Senate Majority Leader Harry Reid has spent much of the last week threatening to take a relatively unprecedented step to end gridlock on executive nominees: use a procedure known as the "nuclear option" to change Senate rules related to the filibuster by a simple majority vote. Normally, Senate rules can be changed by only a two-thirds majority. The use of this procedure—which has been talked about and considered in the past—would be a pretty historic, big deal. It's also now looking unlikely to actually happen. The actual impact the proposed rule change would have on Senate gridlock, though? Surprisingly minimal.

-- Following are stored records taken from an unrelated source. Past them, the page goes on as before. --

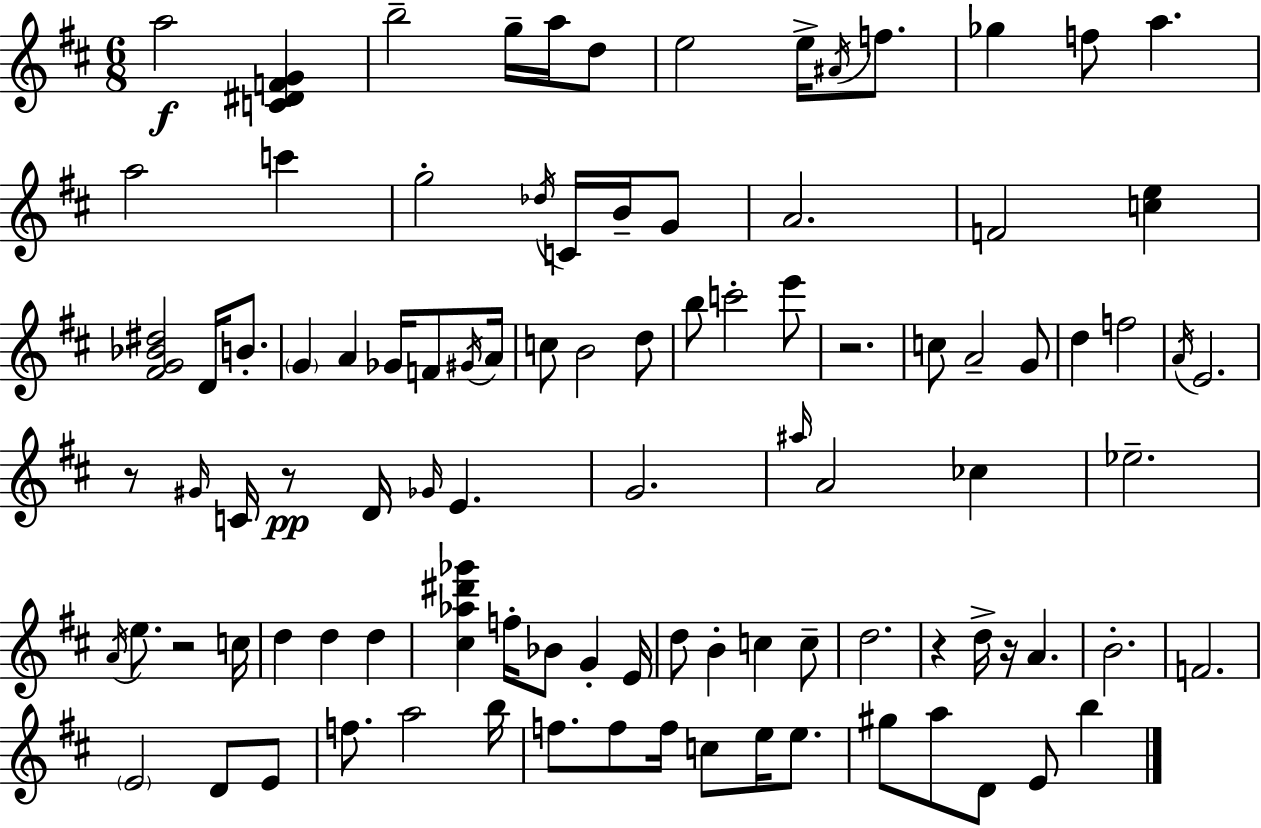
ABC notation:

X:1
T:Untitled
M:6/8
L:1/4
K:D
a2 [C^DFG] b2 g/4 a/4 d/2 e2 e/4 ^A/4 f/2 _g f/2 a a2 c' g2 _d/4 C/4 B/4 G/2 A2 F2 [ce] [^FG_B^d]2 D/4 B/2 G A _G/4 F/2 ^G/4 A/4 c/2 B2 d/2 b/2 c'2 e'/2 z2 c/2 A2 G/2 d f2 A/4 E2 z/2 ^G/4 C/4 z/2 D/4 _G/4 E G2 ^a/4 A2 _c _e2 A/4 e/2 z2 c/4 d d d [^c_a^d'_g'] f/4 _B/2 G E/4 d/2 B c c/2 d2 z d/4 z/4 A B2 F2 E2 D/2 E/2 f/2 a2 b/4 f/2 f/2 f/4 c/2 e/4 e/2 ^g/2 a/2 D/2 E/2 b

That's because Reid has insisted that any change to the Senate rules to allow simple majority voting would only impact executive nominees by a president. In a speech Monday at the Center for American Progress, Reid made it clear that he didn't have interest in pushing for rule changes when it comes to legislation or judicial nominees. On judicial nominees in particular, Reid said:

On judges, I'm comfortable with our doing what we're doing. We have to see what happens, but I'm very comfortable with where we are now, and I'm not—not trying to ask for this other places.

His comfort on judicial nominees looks to be backed up well by data on filibusters in the current Congress. While it's not a perfect metric, we can get a sense of how many filibusters there have been by looking at the number of times cloture has been invoked to shut off debate, or the number of times that cloture motions have been filed to head off the threat of a filibuster. The numbers in the 113th Congress:

Cloture motions filed on judicial nominees: 2 (one—Srikanth Srinivasan—was confirmed in May. The other—Caitlin Joan Halligan—was withdrawn by President Obama after a failed cloture vote).

 

Cloture motions filed on executive nominees: 9 (the seven Reid is pushing for now, plus Defense Secretary Chuck Hagel and CIA Chief John Brennan).

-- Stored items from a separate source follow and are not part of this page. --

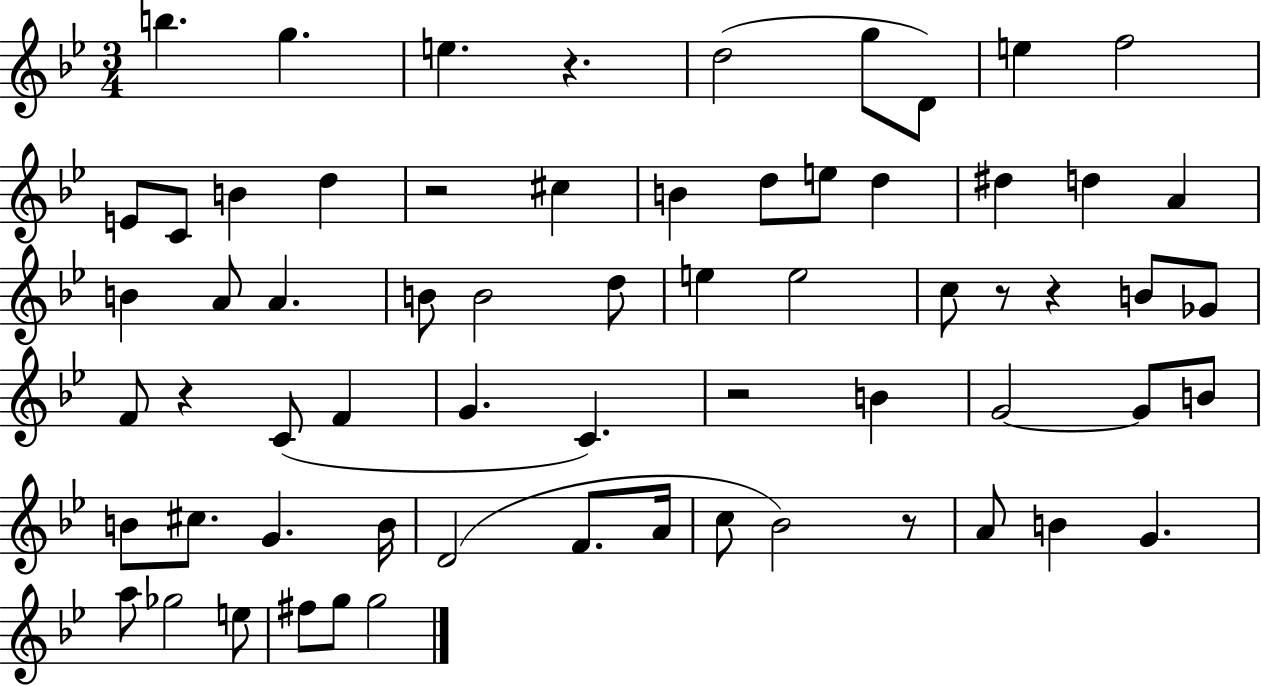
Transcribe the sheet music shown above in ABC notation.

X:1
T:Untitled
M:3/4
L:1/4
K:Bb
b g e z d2 g/2 D/2 e f2 E/2 C/2 B d z2 ^c B d/2 e/2 d ^d d A B A/2 A B/2 B2 d/2 e e2 c/2 z/2 z B/2 _G/2 F/2 z C/2 F G C z2 B G2 G/2 B/2 B/2 ^c/2 G B/4 D2 F/2 A/4 c/2 _B2 z/2 A/2 B G a/2 _g2 e/2 ^f/2 g/2 g2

The number of executive nominees who have been held up by potential filibusters already this year is, and under Obama generally is, historically unprecedented, and it stands in big contrast to the two judicial nominees who have been held up this Congress.

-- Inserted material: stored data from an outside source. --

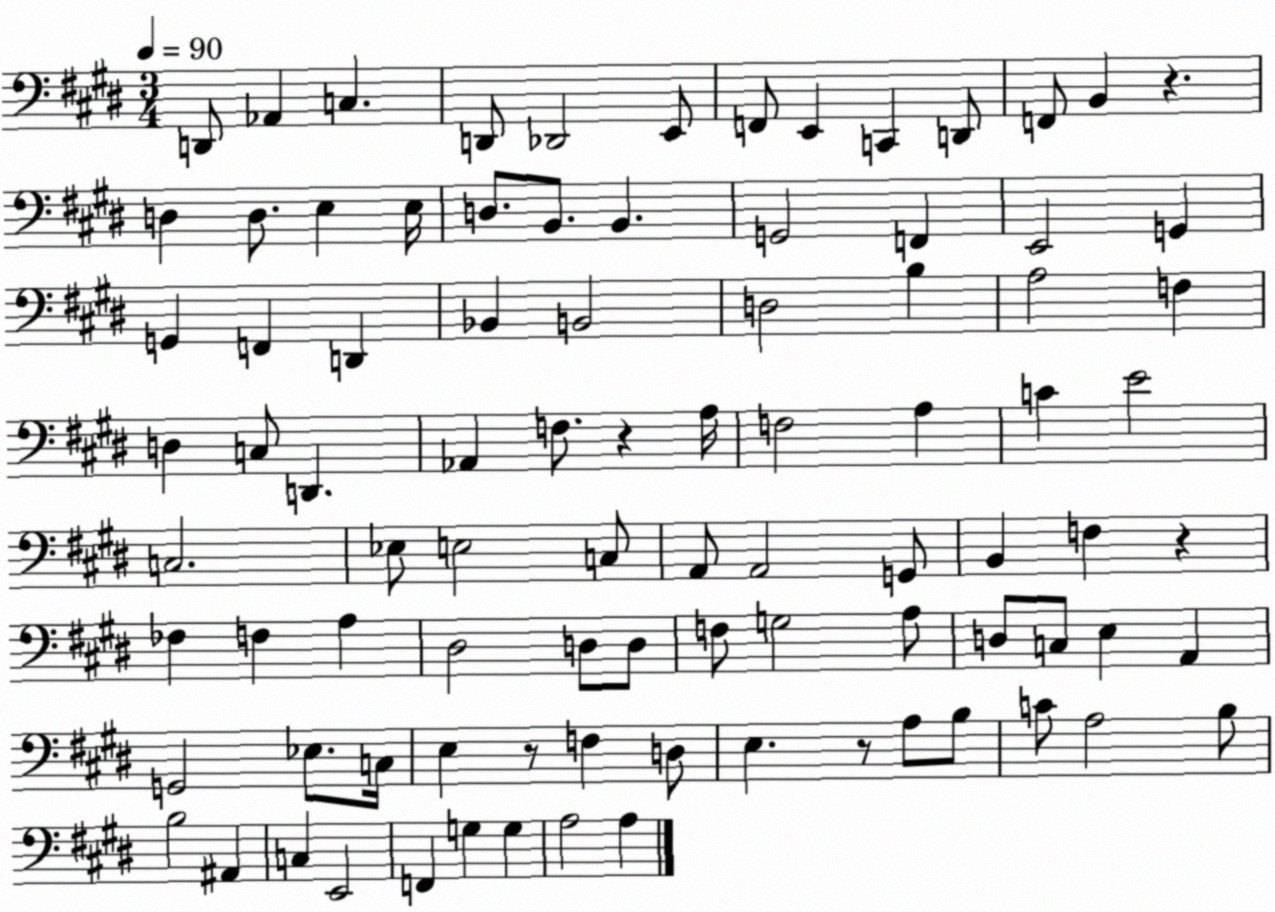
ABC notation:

X:1
T:Untitled
M:3/4
L:1/4
K:E
D,,/2 _A,, C, D,,/2 _D,,2 E,,/2 F,,/2 E,, C,, D,,/2 F,,/2 B,, z D, D,/2 E, E,/4 D,/2 B,,/2 B,, G,,2 F,, E,,2 G,, G,, F,, D,, _B,, B,,2 D,2 B, A,2 F, D, C,/2 D,, _A,, F,/2 z A,/4 F,2 A, C E2 C,2 _E,/2 E,2 C,/2 A,,/2 A,,2 G,,/2 B,, F, z _F, F, A, ^D,2 D,/2 D,/2 F,/2 G,2 A,/2 D,/2 C,/2 E, A,, G,,2 _E,/2 C,/4 E, z/2 F, D,/2 E, z/2 A,/2 B,/2 C/2 A,2 B,/2 B,2 ^A,, C, E,,2 F,, G, G, A,2 A,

But looking at just this Congress is a bit shortsighted. Here's a chart from the Congressional Research Service on cloture motions filed on nominees from 1967 to 2012:

 

(CRS)

As CRS writes, the cloture motions filed on executive and judicial nominees are comprable. That's especially true of the number of times cloture as been invoked on these nominees. However, it wasn't really until the 111th Congress (when Obama came to the White House) that cloture was sought on executive nominees in larger numbers. 

Cloture motions being filed on Cabinet appointees is also a relatively new phenomenon:

 

(CRS)

Secretary Hagel and CIA Director Brennan were also added to this list in 2013.

As these tables show, getting nominees through the Senate isn't just a problem for Democrats. It's also been a problem for Republicans, as was made obvious when then-Senate Majority Leader Bill Frist threatened to use the nuclear option in late 2004 and into 2005 to push through President Bush's judicial nominees.

By just looking at executive nominees, Reid is putting aside recent history on judicial nominees. And even though the judicial situation is better right now, there's no reason to think it can't flip again.

So, why bother with reform at all? Well, for one, the nuclear-option threat seems to have worked to get seven held-up Obama executive appointees through the Senate. For another, both parties are being increasingly blamed for Senate gridlock, as a new Quinnipiac poll shows.

But it's not just the American public that's sick of gridlock. It's American senators, too.

In 2010, The New Yorker's George Packer captured this Senate frustration. Senate newcomers were especially fuming. Colorado's Michael Bennet exemplified this:

Sit and watch us for seven days—just watch the floor. You know what you'll see happening? Nothing. When I'm in the chair, I sit there thinking, I wonder what they're doing in China right now?

According to Packer, Sen. Mark Warner, D-Va., was so frustrated by gridlock that he "wondered if anyone had ever quit in the first year." Former Sen. Chris Dodd, D-Conn., worried that the new Democrats wouldn't stick around the Senate, "because it's not productive."

Sen. Tom Udall, D-N.M., has made filibuster reform one of his defining issues since he joined the Senate in 2009. He's been a proponent of changing the filibuster through a similiar technique to the one proposed by Reid, but to institute a "talking filibuster," and not just for executive nominees. Just this January, Udall joined Sens. Jeff Merkley and Tom Harkin in pushing a proposal to reform filibuster rules.

And the frustration isn't unwarranted: just this year, there have been 18 cloture motions filed on legislation in the Senate.

Taking a strong stance on Senate gridlock and use of the filibuster makes sense for Reid to keep his caucus happy, and to let some of the younger, frustrated Democrats blow off some steam. But just pushing on executive nominations isn't the sort of radical change some are making it out to be. The use of the nuclear option definitely could've set a precedent for dealing with judicial nominees later—especially if, under a Republican president, Democrats go back to blocking them in larger numbers. But Reid's bold move doesn't do too much to alter Senate gridlock now, even if there has been a lot of bluster behind it.